With this change, your call to `embed_query` will succeed, returning a 2048-dimensional vector you can inspect or feed into downstream tasks.


## Exploring Embedding Dimensions

Well done learning about generating embeddings! Now, let's explore the dimensionality of these embeddings to deepen your understanding.

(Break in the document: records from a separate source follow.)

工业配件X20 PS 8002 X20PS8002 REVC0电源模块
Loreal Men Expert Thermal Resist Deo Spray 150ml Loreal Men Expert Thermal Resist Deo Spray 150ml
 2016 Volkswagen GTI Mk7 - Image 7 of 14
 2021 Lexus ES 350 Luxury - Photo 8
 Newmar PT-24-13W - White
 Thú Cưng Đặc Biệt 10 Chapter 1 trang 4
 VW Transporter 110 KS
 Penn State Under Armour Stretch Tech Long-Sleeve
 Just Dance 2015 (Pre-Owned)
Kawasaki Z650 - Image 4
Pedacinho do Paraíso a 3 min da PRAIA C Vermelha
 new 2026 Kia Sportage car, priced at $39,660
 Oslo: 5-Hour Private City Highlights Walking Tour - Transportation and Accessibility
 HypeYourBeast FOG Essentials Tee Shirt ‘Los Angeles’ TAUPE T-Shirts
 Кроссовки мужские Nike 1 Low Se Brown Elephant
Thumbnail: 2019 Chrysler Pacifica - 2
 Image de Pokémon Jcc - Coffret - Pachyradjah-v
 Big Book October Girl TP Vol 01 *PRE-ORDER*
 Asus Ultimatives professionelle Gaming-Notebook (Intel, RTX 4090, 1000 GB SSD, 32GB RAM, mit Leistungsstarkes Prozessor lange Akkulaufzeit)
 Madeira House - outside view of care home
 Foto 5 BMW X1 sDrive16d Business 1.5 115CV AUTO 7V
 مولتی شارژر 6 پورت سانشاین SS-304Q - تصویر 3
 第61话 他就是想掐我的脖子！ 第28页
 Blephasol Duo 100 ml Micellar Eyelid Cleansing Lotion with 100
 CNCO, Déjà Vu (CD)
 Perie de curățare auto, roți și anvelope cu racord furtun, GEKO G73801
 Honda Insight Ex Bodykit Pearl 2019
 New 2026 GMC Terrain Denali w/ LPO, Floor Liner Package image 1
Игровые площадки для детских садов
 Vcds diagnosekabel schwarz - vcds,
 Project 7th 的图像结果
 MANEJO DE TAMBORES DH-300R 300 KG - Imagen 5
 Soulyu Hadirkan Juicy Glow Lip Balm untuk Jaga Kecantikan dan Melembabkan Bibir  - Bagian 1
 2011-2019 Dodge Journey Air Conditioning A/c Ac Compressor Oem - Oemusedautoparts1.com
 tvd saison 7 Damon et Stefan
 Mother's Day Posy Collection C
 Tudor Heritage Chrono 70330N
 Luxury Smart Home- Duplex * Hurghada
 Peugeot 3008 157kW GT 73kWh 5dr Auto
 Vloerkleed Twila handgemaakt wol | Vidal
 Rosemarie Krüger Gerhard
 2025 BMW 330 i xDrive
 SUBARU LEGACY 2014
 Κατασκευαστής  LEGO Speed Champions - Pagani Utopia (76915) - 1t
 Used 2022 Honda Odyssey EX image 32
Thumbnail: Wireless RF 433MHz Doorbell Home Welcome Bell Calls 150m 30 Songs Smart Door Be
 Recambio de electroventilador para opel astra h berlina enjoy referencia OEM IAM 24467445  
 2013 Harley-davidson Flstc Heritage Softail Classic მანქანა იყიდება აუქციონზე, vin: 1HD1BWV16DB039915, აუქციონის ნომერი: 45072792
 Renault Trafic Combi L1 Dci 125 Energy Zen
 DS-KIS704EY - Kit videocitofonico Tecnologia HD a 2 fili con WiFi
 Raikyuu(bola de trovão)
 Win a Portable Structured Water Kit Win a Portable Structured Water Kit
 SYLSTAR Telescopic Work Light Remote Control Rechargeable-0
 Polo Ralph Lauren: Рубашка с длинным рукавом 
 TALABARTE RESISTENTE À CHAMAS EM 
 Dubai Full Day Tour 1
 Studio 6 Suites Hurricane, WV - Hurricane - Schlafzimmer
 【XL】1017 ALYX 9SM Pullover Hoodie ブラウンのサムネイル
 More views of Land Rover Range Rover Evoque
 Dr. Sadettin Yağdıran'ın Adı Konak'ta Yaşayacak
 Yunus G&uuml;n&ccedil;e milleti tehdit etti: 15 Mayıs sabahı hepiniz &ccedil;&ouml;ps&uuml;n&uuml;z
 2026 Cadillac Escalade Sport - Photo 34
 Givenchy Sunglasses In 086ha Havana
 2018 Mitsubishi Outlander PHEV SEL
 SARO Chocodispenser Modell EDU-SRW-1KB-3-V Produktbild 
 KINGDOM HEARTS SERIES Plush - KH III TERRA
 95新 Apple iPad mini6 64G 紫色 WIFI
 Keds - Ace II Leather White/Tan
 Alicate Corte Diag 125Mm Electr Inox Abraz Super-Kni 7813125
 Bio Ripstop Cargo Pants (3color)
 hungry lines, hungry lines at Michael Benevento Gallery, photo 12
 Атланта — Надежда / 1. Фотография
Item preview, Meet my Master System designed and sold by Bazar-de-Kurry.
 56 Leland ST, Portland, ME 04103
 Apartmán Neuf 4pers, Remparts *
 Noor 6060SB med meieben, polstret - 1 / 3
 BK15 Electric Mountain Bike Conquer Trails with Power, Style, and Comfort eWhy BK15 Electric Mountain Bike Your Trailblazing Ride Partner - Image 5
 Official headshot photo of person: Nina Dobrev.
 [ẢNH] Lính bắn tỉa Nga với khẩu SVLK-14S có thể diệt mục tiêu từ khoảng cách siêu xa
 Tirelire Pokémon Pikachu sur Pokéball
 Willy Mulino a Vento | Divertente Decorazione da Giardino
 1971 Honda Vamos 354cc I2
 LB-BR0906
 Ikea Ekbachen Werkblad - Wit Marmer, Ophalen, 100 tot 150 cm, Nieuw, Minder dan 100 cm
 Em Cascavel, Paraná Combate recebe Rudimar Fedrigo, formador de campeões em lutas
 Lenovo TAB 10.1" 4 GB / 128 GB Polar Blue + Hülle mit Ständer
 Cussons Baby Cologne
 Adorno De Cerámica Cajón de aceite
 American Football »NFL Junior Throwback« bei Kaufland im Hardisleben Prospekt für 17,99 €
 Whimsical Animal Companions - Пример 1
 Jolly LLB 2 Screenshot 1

Your task is to print the length of the embedding vector using the len() function to see its dimensionality. Observe how the vector length will match the dimension specified in the OpenAIEmbeddings initialization.

This exercise will help you grasp how the dimensions of an embedding relate to its informational capacity and computational needs.

```python
from langchain_openai import OpenAIEmbeddings
from langchain_community.document_loaders import PyPDFLoader
from langchain.text_splitter import RecursiveCharacterTextSplitter

# Define the file path
file_path = "data/the_adventure_of_the_blue_carbuncle.pdf"

# Create a loader for our document
loader = PyPDFLoader(file_path)

# Load the document
docs = loader.load()

# Split the document into chunks
text_splitter = RecursiveCharacterTextSplitter(chunk_size=1000, chunk_overlap=100)
split_docs = text_splitter.split_documents(docs)

# Initialize the OpenAIEmbeddings object
embedding_model = OpenAIEmbeddings(
    model="text-embedding-3-large",
    dimensions=2048
)

# Generate embeddings for the first document chunk
embedding_vector = embedding_model.embed_query(split_docs[0].page_content)

# TODO: Print the length of the embedding vector to explore its dimensionality
```


```python
# ... previous code ...

# Generate embeddings for the first document chunk
embedding_vector = embedding_model.embed_query(split_docs[0].page_content)

# Print the length of the embedding vector
print(f"Embedding dimensionality: {len(embedding_vector)}")
```

When you run this, you should see:

```
Embedding dimensionality: 2048
```

confirming that your embedding vector has 2048 dimensions.